Food security in the North
The food situation in Northern Canada is bad and only getting worse.
By Kris FosterDavid Natcher, as part of an expert panel appointed by the Council of Canadian Academies and commissioned through Health Canada, explored the issues of food security, and insecurity, in the North in a report entitled Aboriginal Food Security in Northern Canada: An Assessment of the State of Knowledge.
Natcher said the panel’s report reveals a dire situation.
“People in the South should be shocked and embarrassed by the food conditions in the North,” said Natcher, an anthropologist and professor in the College of Agriculture and Bioresources, who was recently appointed research chair in the social dimensions of food security in the Global Institute for Food Security at the U of S. “We knew that the situation was bad, but even we were surprised to the extent, that, for example, 90 per cent of preschoolers are food insecure or go hungry.”
In 2011, about 12 per cent of Canadian households, or one in eight, experienced food insecurity, which is defined as a lack of access to safe food in sufficient quantity and quality that meets dietary requirements, Natcher explained. “Aboriginal households off-reserve in Canada are twice as likely to be food insecure as other Canadian households.”
The issue, he explained, is even more pronounced in Nunavut. A survey— the 2007–2008 International Polar Year Inuit Health Survey—revealed that the people of Nunavut had the highest rate of food insecurity, at 68 per cent, of any Indigenous population in a developed country.
“This has all sorts of implications such as malnourishment, obesity, diseases like diabetes and heart disease.
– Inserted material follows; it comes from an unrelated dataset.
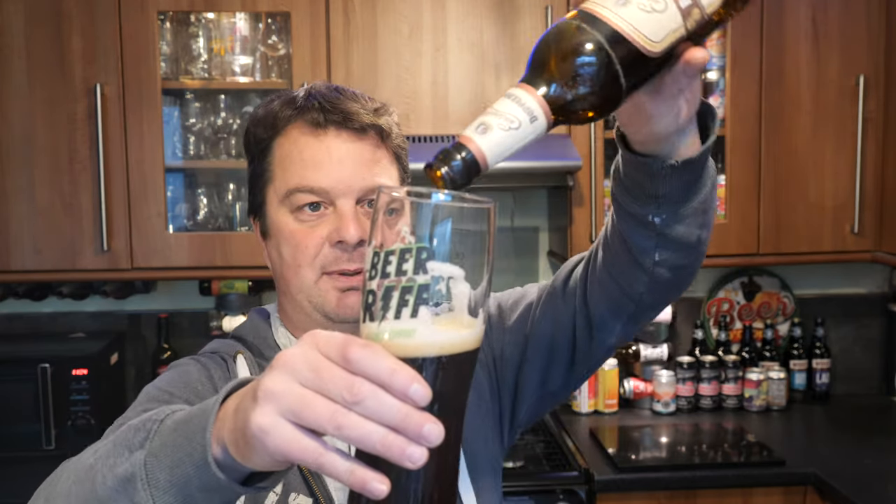This is superb beer. Absolutely superb. Einseidler Doppelbock — there's a little drop left and I'm not going to waste any of this; it's like liquid nectar. It's all in German on the back of the bottle, but the wonderful Sebastian in Germany has printed off a nice sheet of paper for me.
There is even a link between food insecurity and mental health. The reasons for food insecurity are always varied and complex and that’s even more so the case in the North.”
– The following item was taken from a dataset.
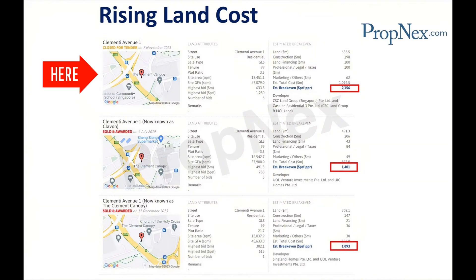Third tender, 2023. The most recent land tender closed in November 2023 with an estimated break-even price of $2,156 PSF per plot ratio, marking a sharp rise in land costs compared to previous tenders.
One factor is the disparity between northern food prices and household incomes. Natcher pointed to $19,760 as the annual average price of groceries in 2007/08 for a household with children in Nunavut, Nunatsiavut and the Inuvialuit Settlement Region; when considering that 49 per cent of Inuit adults earned less than $20,000 annually, the issue comes into sharp focus, he said.
The nutrition transition, which Natcher explained as moving from harvested and hunted food with high nutritional value to store-bought food with lower dietary quality, is a result, in part, of generational change. But it is also influenced by environmental changes and how those changes affect accessibility to wild food.
“All of this is still affected by issues of colonialism, including removing children from communities, relocating communities, and the residential school systems. In these cases, many Aboriginal people have not had access to the land and resources of their traditional territories,” said Natcher.
The panel, which included economists, nutritionist, anthropologists and wildlife experts, was not commissioned to create a report with recommendations. Instead, it was asked to collect existing information and provide a “state-of-knowledge” report on Northern Aboriginal food security. However, Natcher is hopeful that the report, released March 27, will open a much-needed dialogue between different levels of government, communities and experts to “create a comprehensive plan that integrates all of the aspects of this issue to create unique policies that can address this extraordinary challenge.
“Unlike a lot of countries in the world, Canada has the resources to fix this problem, but it will take political, public and local will to make the positive changes that are necessary,” he said, adding that the U of S, with a wide range of food-security experts in diverse disciplines, is well placed to lead the discussion.